### To do
Pictures aside, reproduce exactly and only the lines from the one containing "Bright and eyecatching" through the end of the records.

### Available records

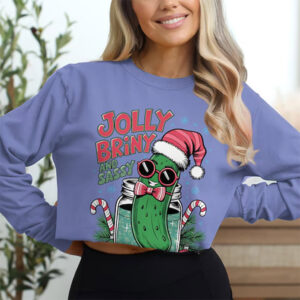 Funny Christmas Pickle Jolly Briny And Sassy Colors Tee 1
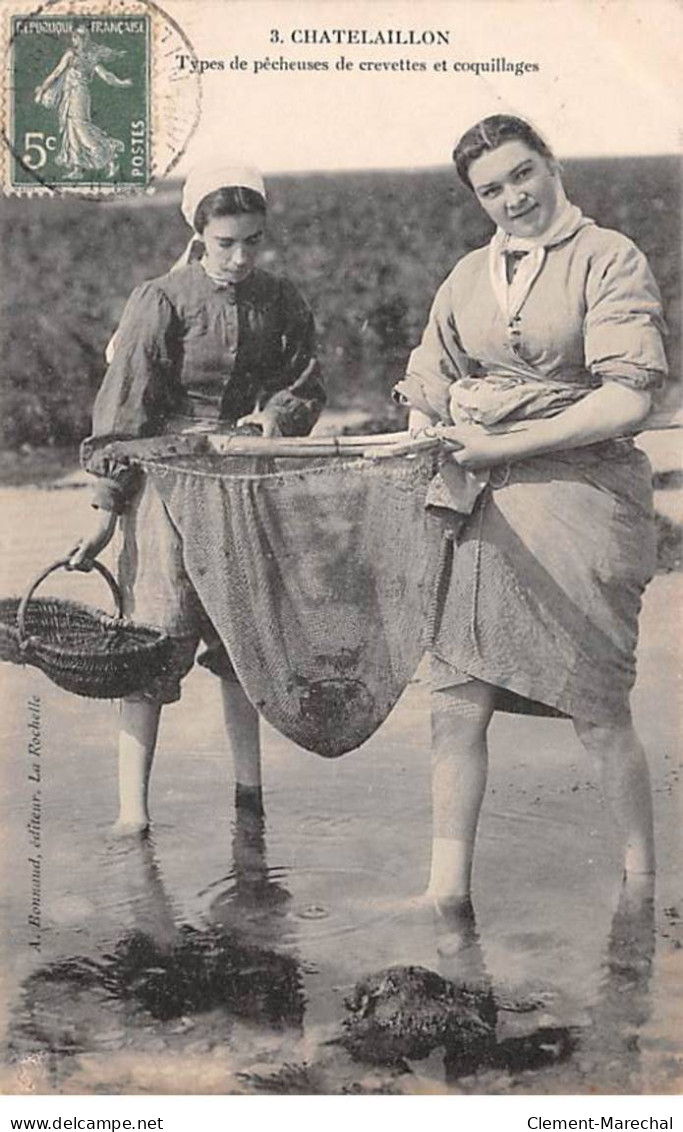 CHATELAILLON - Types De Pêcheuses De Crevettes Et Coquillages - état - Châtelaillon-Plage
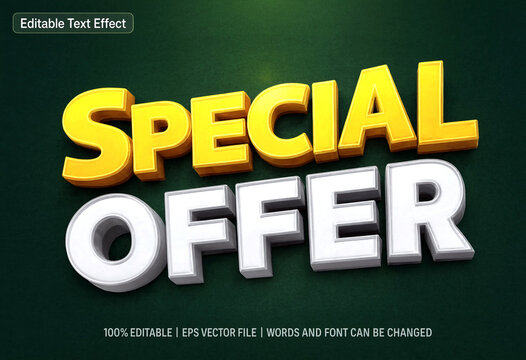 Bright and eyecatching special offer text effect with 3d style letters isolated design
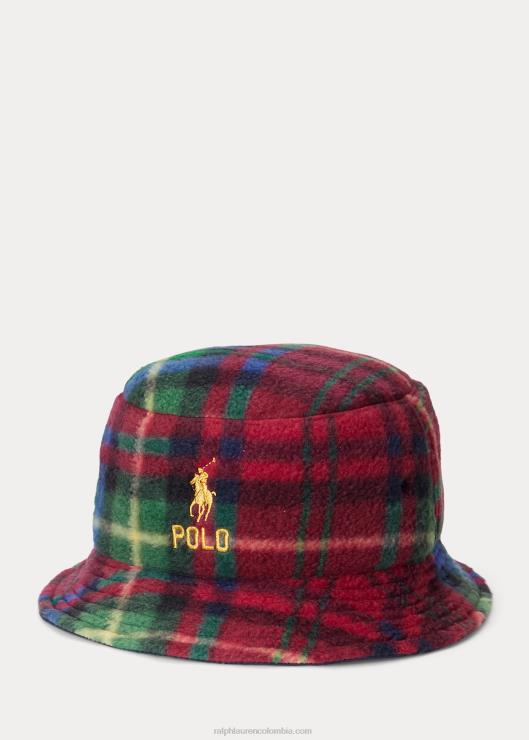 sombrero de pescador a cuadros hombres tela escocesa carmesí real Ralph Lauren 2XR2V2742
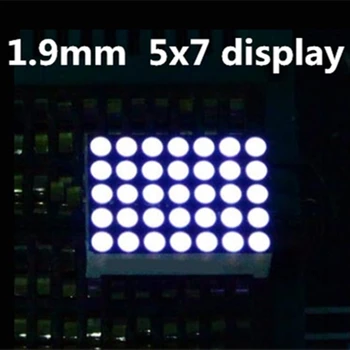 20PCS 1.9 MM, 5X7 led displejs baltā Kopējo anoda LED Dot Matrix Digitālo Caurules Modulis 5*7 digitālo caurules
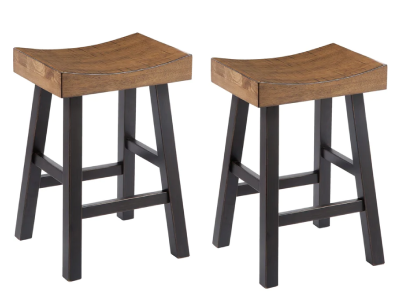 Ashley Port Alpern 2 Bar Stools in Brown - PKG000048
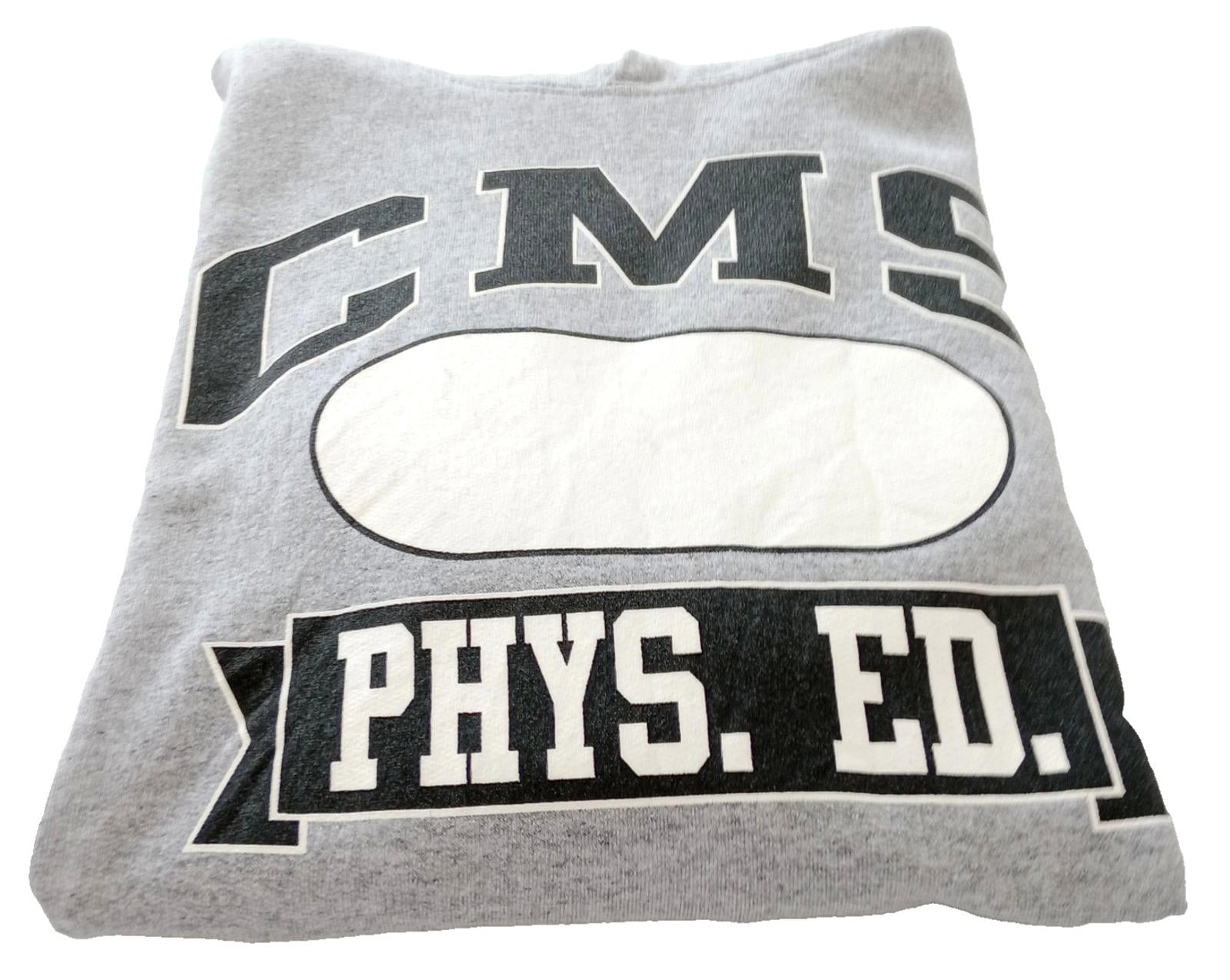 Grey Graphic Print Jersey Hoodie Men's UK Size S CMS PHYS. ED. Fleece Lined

### Your solution
 Bright and eyecatching special offer text effect with 3d style letters isolated design
 sombrero de pescador a cuadros hombres tela escocesa carmesí real Ralph Lauren 2XR2V2742
 20PCS 1.9 MM, 5X7 led displejs baltā Kopējo anoda LED Dot Matrix Digitālo Caurules Modulis 5*7 digitālo caurules
 Ashley Port Alpern 2 Bar Stools in Brown - PKG000048
 Grey Graphic Print Jersey Hoodie Men's UK Size S CMS PHYS. ED. Fleece Lined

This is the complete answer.